- Cover art by Peter Andrew Jones
- Developers: Crystal Computing Neil Mottershead Simon Brattel
- Publisher: Puffin Books
- Designers: Neil Mottershead Simon Brattel
- Series: Fighting Fantasy
- Platform: ZX Spectrum
- Release: EU: 1984;
- Genre: Action
- Mode: Single-player

= The Warlock of Firetop Mountain (video game) =

1984 video game

The Warlock of Firetop Mountain is an action game published by Crystal Computing in 1984 for the ZX Spectrum home computer. It is loosely based on the adventure gamebook of the same name (the first in the Fighting Fantasy series) written by Steve Jackson and Ian Livingstone, and published by Puffin Books in 1982.

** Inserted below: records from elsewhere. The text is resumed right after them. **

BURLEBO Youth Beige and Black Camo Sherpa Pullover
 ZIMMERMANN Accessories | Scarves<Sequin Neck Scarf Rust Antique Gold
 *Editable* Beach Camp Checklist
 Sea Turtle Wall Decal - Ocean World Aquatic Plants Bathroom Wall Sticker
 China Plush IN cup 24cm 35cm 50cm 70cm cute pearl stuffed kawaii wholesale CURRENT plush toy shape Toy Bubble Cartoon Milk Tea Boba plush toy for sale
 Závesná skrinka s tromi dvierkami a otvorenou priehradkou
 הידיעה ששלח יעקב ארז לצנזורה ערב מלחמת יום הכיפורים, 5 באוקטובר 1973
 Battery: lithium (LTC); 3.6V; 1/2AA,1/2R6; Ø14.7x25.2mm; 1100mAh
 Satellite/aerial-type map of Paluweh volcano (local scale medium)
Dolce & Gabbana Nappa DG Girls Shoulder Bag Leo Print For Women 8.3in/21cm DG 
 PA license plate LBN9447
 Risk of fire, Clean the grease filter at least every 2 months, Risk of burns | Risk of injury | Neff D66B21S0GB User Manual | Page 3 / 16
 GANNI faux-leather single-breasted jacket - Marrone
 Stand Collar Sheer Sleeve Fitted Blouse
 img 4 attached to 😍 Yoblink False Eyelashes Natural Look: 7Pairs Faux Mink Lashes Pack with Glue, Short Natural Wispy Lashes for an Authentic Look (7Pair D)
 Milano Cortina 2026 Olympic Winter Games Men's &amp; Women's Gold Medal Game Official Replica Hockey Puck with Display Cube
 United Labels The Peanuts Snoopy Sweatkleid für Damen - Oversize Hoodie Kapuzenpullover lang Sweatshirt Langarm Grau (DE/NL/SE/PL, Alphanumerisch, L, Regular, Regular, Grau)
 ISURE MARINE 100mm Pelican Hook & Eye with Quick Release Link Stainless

The game was sold both as a regular cassette-only release and as a "software pack" edition that included a copy of the original Fighting Fantasy title at a higher price point.

==Gameplay==
As a third-person arcade adventure game, the player takes the role of an adventurer on a quest to find the treasure of a powerful warlock, hidden deep within Firetop Mountain. The treasure is stored in a chest with fifteen locks, with the keys guarded by various monsters (e.g. orcs, slime moulds and spiders) in the dungeons of Firetop Mountain. The adventurer (equipped with a bow and a sword) must attempt to retrieve the keys, with an added feature (over the game's predecessor, Halls of the Things) being the ability to open and close doors to block the path of pursuing monsters. Gameplay varies with each new game as the maze is randomly generated.

==Development==
The Warlock of Firetop Mountain was announced in issue two of Micro Adventurer magazine, which published a feature on the expansion of Penguin Books children's imprint Puffin into the science fiction software market with the video game The Warlock of Firetop Mountain, hoping to emulate the success of the book title. The game was announced as the first in the "Puffin Personal Computer Collection" line together with three other unrelated titles (based on science fiction titles by author Peter K. McBride).

Gameplay: the adventurer (white), monster (purple), randomly generated maze walls (red) and life bar (yellow).

Puffin contracted Crystal Computing, who had developed the fantasy game Halls of the Things, to create the game. According to game designer Simon Brattel, they ended up doing it by accident: they met Steve Jackson, one of the authors of the book, and after their discussion, he became supportive of the project.

According to hidden text within the game's code the developers only had three weeks to complete the project. The Peter Andrew Jones artwork for the original title was used for the video game cover.

Puffin Books briefly continued the trend of adapting the Fighting Fantasy titles into video games, with early titles The Citadel of Chaos and The Forest of Doom being released for the ZX Spectrum and Commodore 64 respectively.

==Reception==
ZX Computing described the game as simply a "variation" of Halls of the Things, but praised the inclusion of the book as it encouraged children to read. Micro Adventurer also commented on the similarities, stating that "it is so similar that it would be pointless buying both games".

CRASH magazine criticized the control scheme (the number of control keys and the developer's decision to use the horizontally adjacent N and M keys to move the player's character up and down) but also claimed the game less difficult and confusing, and with better graphics. Computer and Video Games expressed disappointment that the game had little resemblance to the original Fighting Fantasy title.